Was sagen Sie dazu, zugunsten der Staatsfinanzen Feiertage abzuschaffen?
Ich bin überzeugt, dass die zwei Feiertage nur eine »Spielgröße« sind und dass die Regierung diese Idee wieder zurückziehen wird, um so zu tun, als ob sie auf Kritik reagiert.
Und wie steht es mit der Idee, die fünfte Urlaubswoche auf Wunsch finanziell abzugelten?
Das ist unmöglich! Es mag einzelne Arbeiter mit sehr geringem Einkommen und finanziell sehr schwierigen Verhältnissen reizen, so zusätzlich etwas Geld zu verdienen. Aber das ginge auf Kosten ihrer Gesundheit. Die fünfte Woche Urlaub ist eine soziale Errungenschaft, die wir dem linken Präsidenten François Mitterrand und seiner Regierung verdanken.
Sie haben Ihre Kollegen von den anderen großen Gewerkschaften getroffen und beraten, wie Sie reagieren werden. Was wurde beschlossen?

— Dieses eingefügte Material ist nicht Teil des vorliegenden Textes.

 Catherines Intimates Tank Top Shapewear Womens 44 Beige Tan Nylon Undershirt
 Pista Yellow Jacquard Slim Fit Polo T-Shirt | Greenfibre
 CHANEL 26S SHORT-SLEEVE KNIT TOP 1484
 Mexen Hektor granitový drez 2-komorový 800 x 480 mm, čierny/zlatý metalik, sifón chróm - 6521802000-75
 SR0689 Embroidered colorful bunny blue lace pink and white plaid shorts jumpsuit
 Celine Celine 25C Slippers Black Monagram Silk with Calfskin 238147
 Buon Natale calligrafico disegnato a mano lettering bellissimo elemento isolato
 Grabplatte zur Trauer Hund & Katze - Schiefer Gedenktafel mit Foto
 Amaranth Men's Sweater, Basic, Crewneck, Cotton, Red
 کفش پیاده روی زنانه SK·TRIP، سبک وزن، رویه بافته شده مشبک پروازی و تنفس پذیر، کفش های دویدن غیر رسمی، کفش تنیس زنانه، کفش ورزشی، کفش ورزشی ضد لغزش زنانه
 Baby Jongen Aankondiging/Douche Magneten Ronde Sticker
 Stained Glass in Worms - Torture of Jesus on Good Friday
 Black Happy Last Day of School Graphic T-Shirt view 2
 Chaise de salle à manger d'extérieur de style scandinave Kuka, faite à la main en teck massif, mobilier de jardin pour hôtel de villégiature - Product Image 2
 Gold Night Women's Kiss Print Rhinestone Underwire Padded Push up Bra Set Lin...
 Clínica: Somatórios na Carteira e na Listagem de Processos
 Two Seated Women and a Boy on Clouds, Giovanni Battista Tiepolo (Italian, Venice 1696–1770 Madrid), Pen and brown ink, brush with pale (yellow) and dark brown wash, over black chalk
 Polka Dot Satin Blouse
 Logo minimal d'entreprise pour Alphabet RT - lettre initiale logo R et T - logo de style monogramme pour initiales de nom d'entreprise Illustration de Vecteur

Wir wollen unsere Basis konsultieren und uns am 1. September wieder treffen, um unseren gemeinsamen Gegenschlag zu beschließen. Er wird der Wucht des Angriffs angemessen sein.
Schließt das auch das seit vielen Jahren nicht eingesetzte Mittel des Generalstreiks nicht aus?
Angesichts der zugespitzten Situation und Stimmung würde ich nichts ausschließen.